Por eso cuando habla, destila odio, con furia se va contra todos aquéllos a quienes considera enemigos de clase, porque simplemente no tiene personalidad ni alcances para juntarse.

De ahí su pleito con el Poder Judicial, a ese que simplemente cumple con la ley de defender de los excesos del Ejecutivo a la sociedad en todas sus expresiones. Sus amenazas surgen porque los jueces se “atreven” a contradecir su propio código de obediencia ciega, llega al punto de plantear una nueva reforma que impida a los juzgadores a ponerle freno a sus exigencias.

Una vez más, la advertencia, la acusación pública, la condena en Palacio Nacional sin consecuencias jurídicas “son corruptos”, señala con impunidad. Ahora pretenderá someterlos con cambios constitucionales que hoy, los vasallos disfrazados de diputados, le habrán de aprobar, aunque en el Senado no se sabe si le alcanzará, con todo y las rémoras de Morena para obtener la mayoría calificada.

Y tiene qué apurarse porque su temor de un cambio en la correlación de fuerzas en la Cámara de Diputados puede variar a partir de septiembre próximo.

Mientras tanto, los muertos se acumulan.
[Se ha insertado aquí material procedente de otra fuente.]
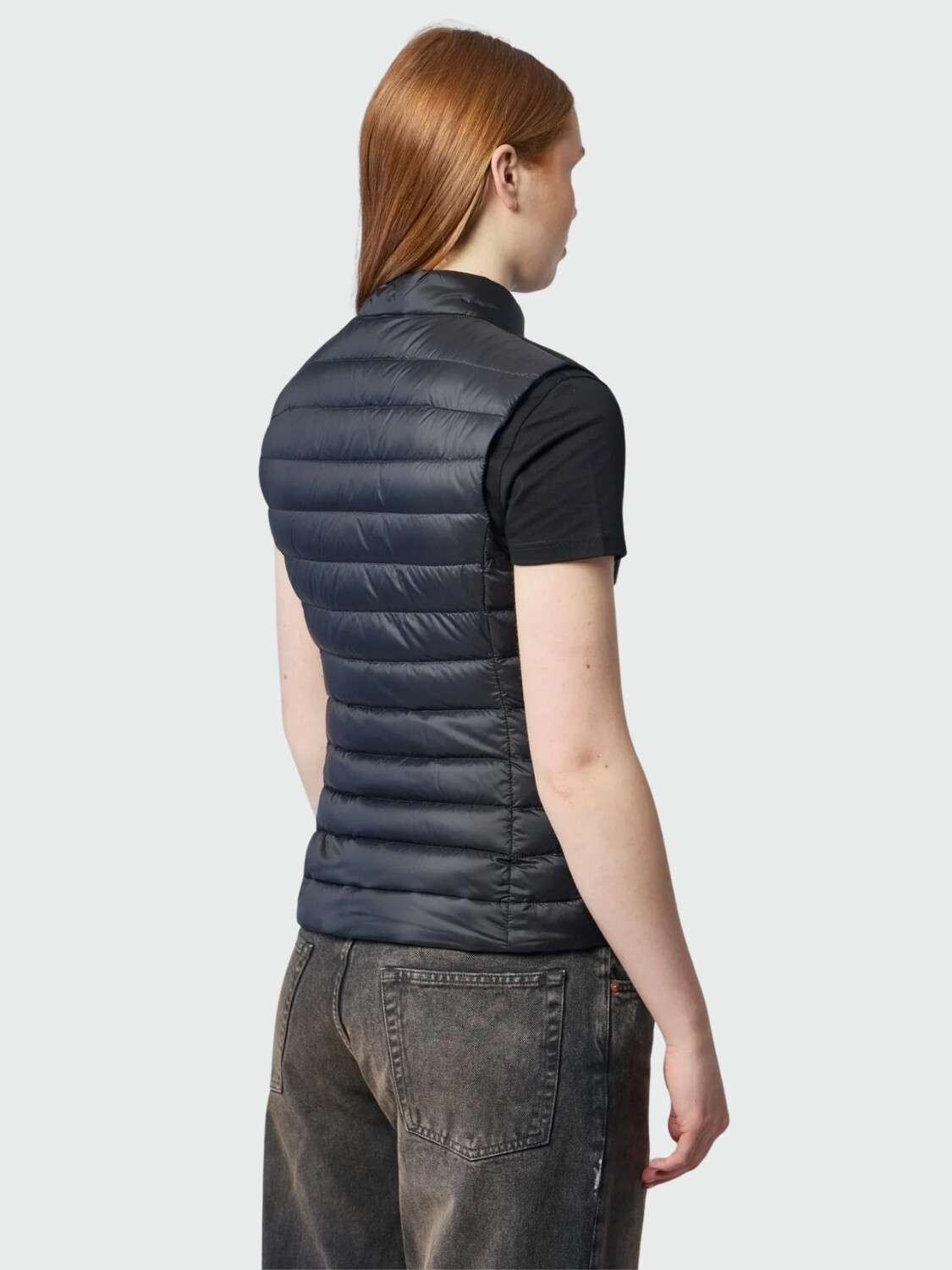 MONCLER - Chaleco de Plumas Igens Negro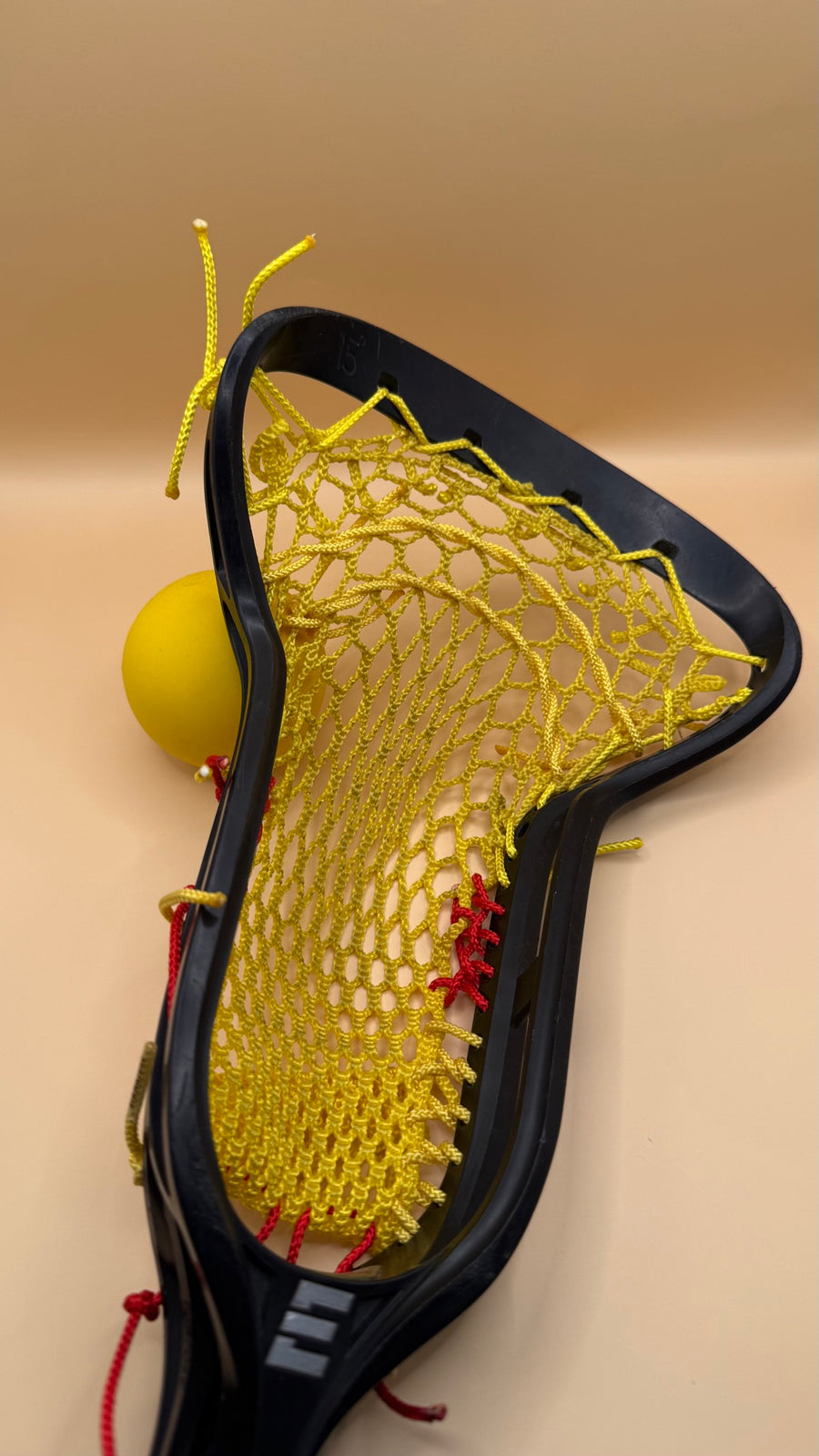 Epoch Purpose girls lacrosse head with yellow mesh
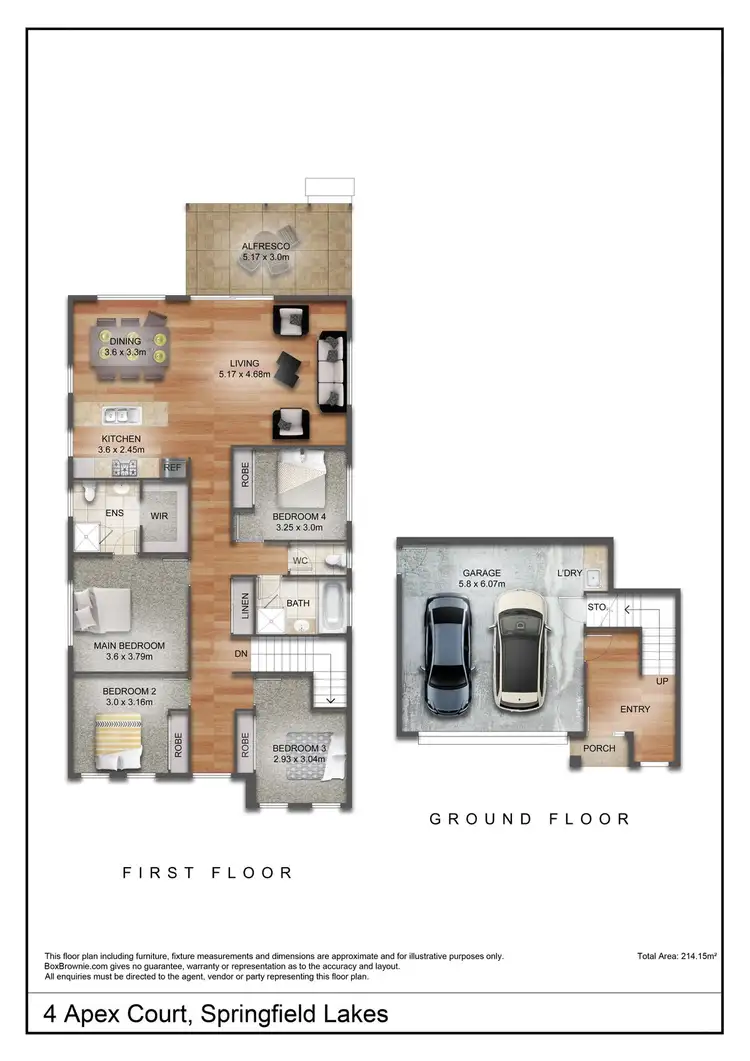 Floorplan of Homely house listing, 4 Apex Court, Springfield Lakes QLD 4300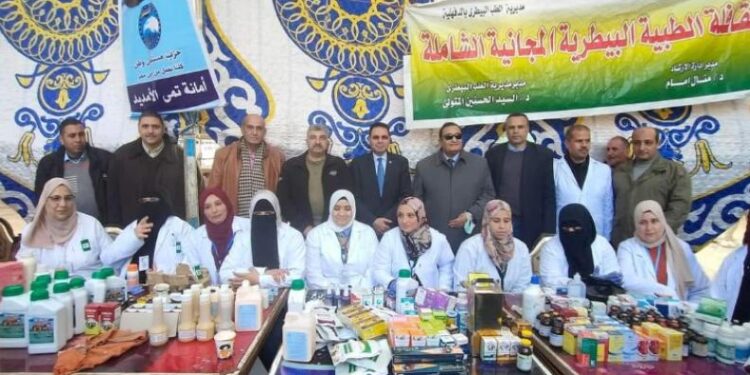 الزراعة تظم قافلة الخير البيطرية المجانية الثامنة لعلاج مواشي صغار المربين فى الدقهلية 1 الزراعة تظم قافلة الخير البيطرية المجانية الثامنة لعلاج مواشي صغار المربين فى الدقهلية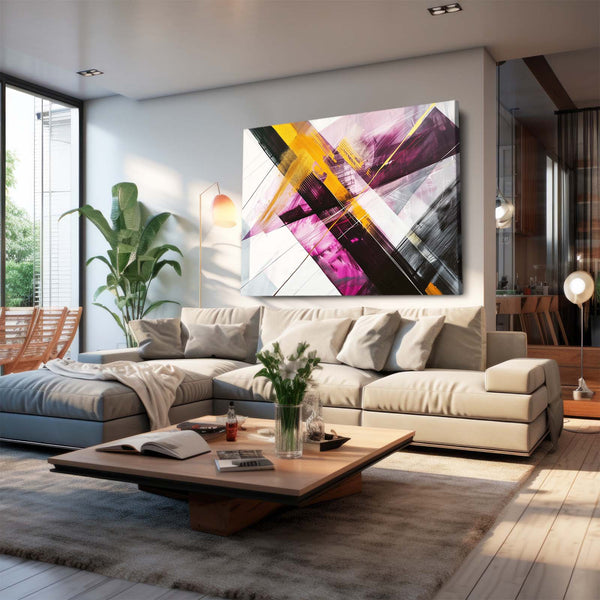 Fusion Énergique Tableau Abstrait | TableauDecoModerne®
Ya son 200 mil las víctimas de Covid-19, 75 mil asesinados, crece el número de mujeres golpeadas y sacrificadas, el narcotráfico gana terreno en todo el país; la corrupción se enseñorea en la 4T protegida por la impunidad que le otorga el “Caudillo de Tepetitán”.
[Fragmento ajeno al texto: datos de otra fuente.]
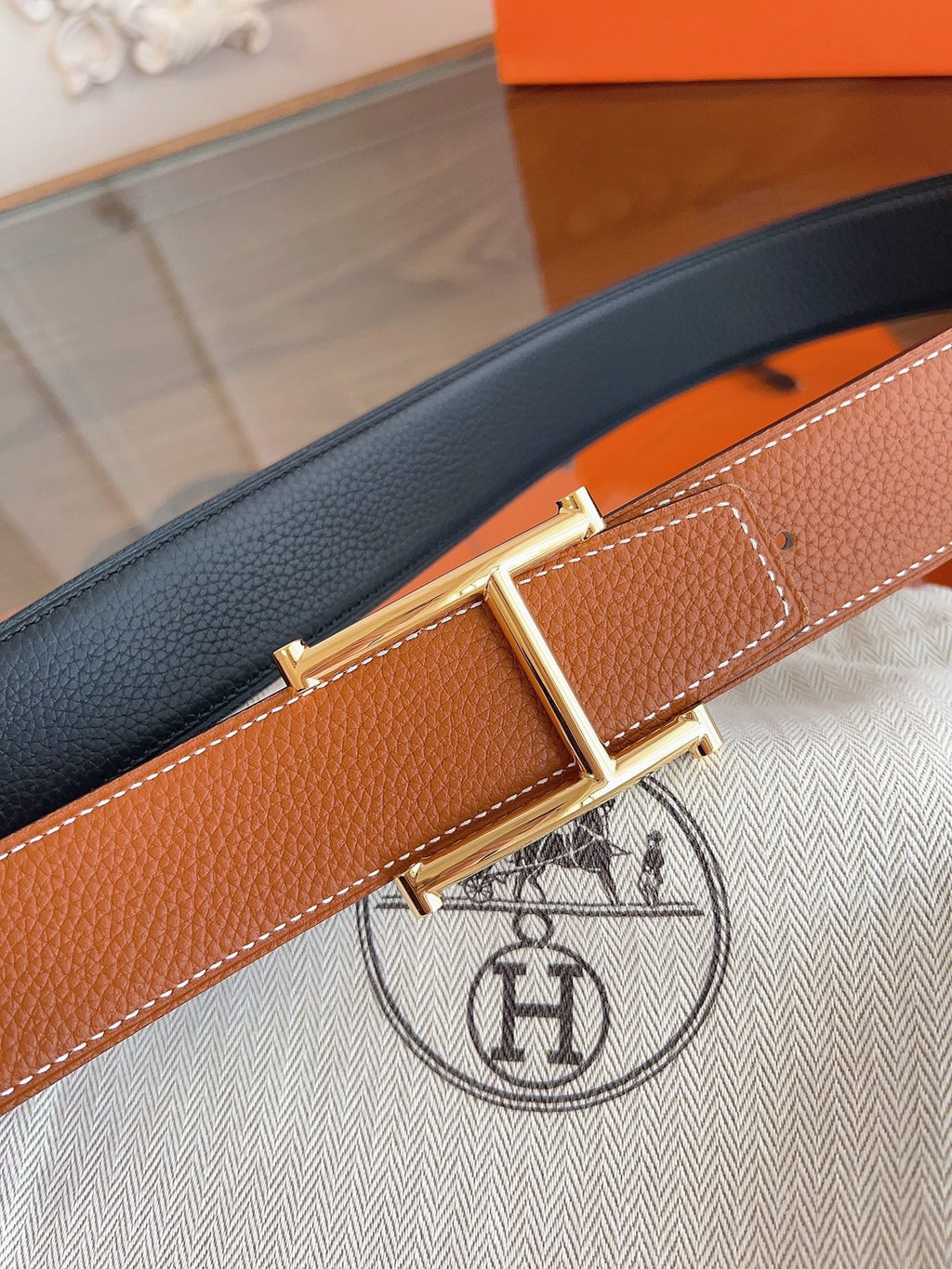 Premium Reversible Leather Belt — 3.8cm Width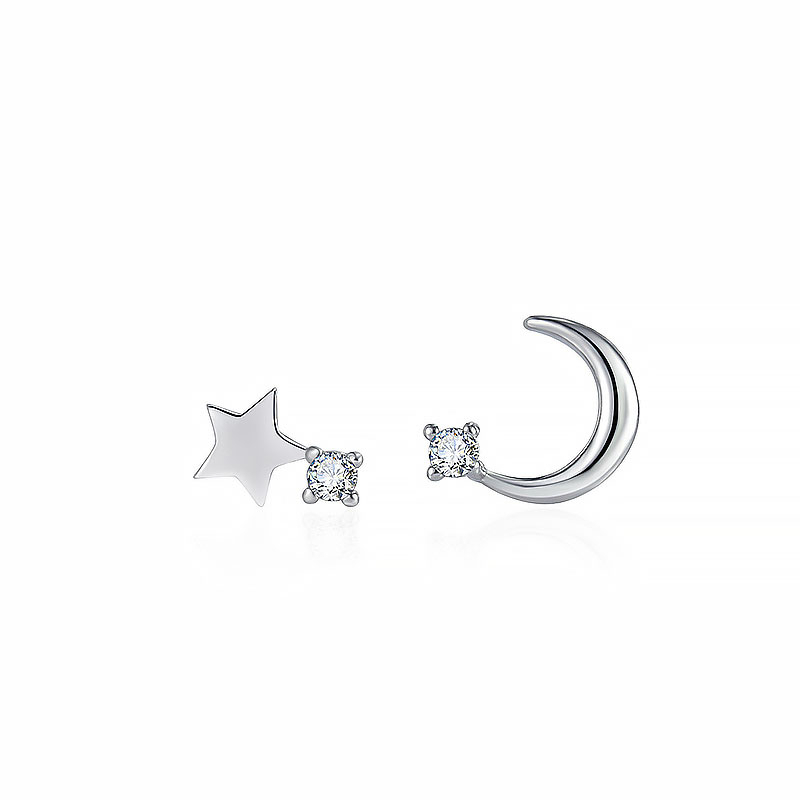 nnjew ต่างหู รุ่น ดาวและดวงจันทร์ Star with Moon รูปที่ 7
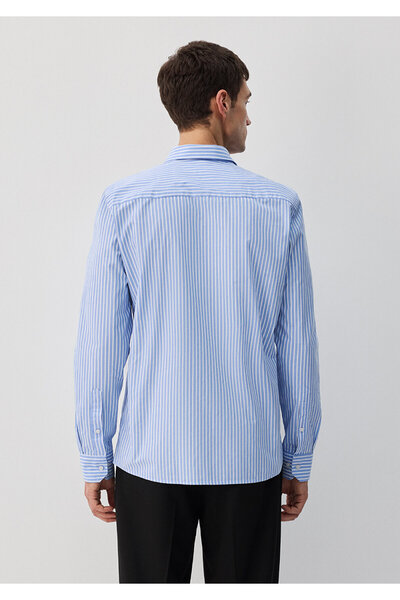 Mavi Μπλε πουκάμισο με ρίγες Easy-Iron Slim Fit / Slim Fit 0211572 -83767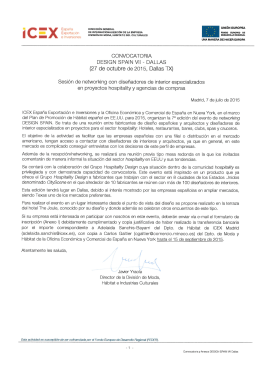 Convocatoria y Anexos DESIGN SPAIN VII Dallas sin firma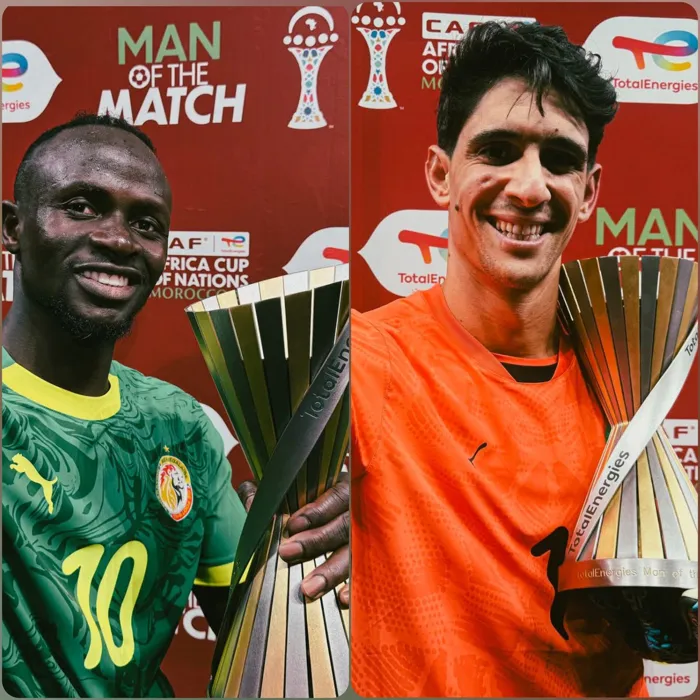 أمم إفريقيا.. ماني وبونو يتوجان أفضل لاعب وحارس في البطولة ودياز الهداف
El atraco a las arcas públicas se ve más evidente, cuentos de miles de millones de pesos se desvían disfrazados de programas sociales o simplemente se “redirigen” donde el Pontífice de Palacio Nacional lo ordena violando leyes de todos los niveles. En suma, impone su propia ley, esa metaconstitucional del “Me Canso Ganso”.
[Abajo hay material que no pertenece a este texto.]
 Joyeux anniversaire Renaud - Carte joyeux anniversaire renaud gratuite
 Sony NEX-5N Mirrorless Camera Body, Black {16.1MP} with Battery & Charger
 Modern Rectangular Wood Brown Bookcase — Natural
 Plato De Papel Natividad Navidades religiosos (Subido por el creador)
Porque para el machuchón tabasqueño, el país puede hundirse en lo económico, ahogarse en sangre, en despilfarro en obras de dudosa rentabilidad, él tiene que alcanzar sus objetivos de destruir o someter las instituciones “fifís”, pero que funcionaban, daban estabilidad democrática y crecimiento a pesar de ser corruptas como afirma el Mesías.

Pemex, en su peor momento, a su deuda de 110 mil millones de dólares, algo así como dos billones y medio de pesos y pérdidas por casi 500 mil millones en un año, y eso que se le perdonaron 72 mil millones en impuestos, se le destinan recursos presupuestales y ya le preparan un nuevo paquete de rescate para no presionar más a la paraestatal con los pagos que debe hacer por sus débitos. De los pasivos laborales, ni hablar, sumados a las pérdidas de 300 mil millones y deudas de CFE, mejor ni hablar.

Y todavía el emperador de Palacio, lanza a la Sener para contrarrestar los amparos concedidos a los productores de energías limpias y baratas, bravata acompañada por el amago de una reforma constitucional contra le Ley de Amparo, que es el único instrumento de los ciudadanos contra los excesos del poder.

Constitucionalmente no procede, pero insistimos, se trata de la Ley del Ganso, intentará imponerla, esperemos que no lo logre.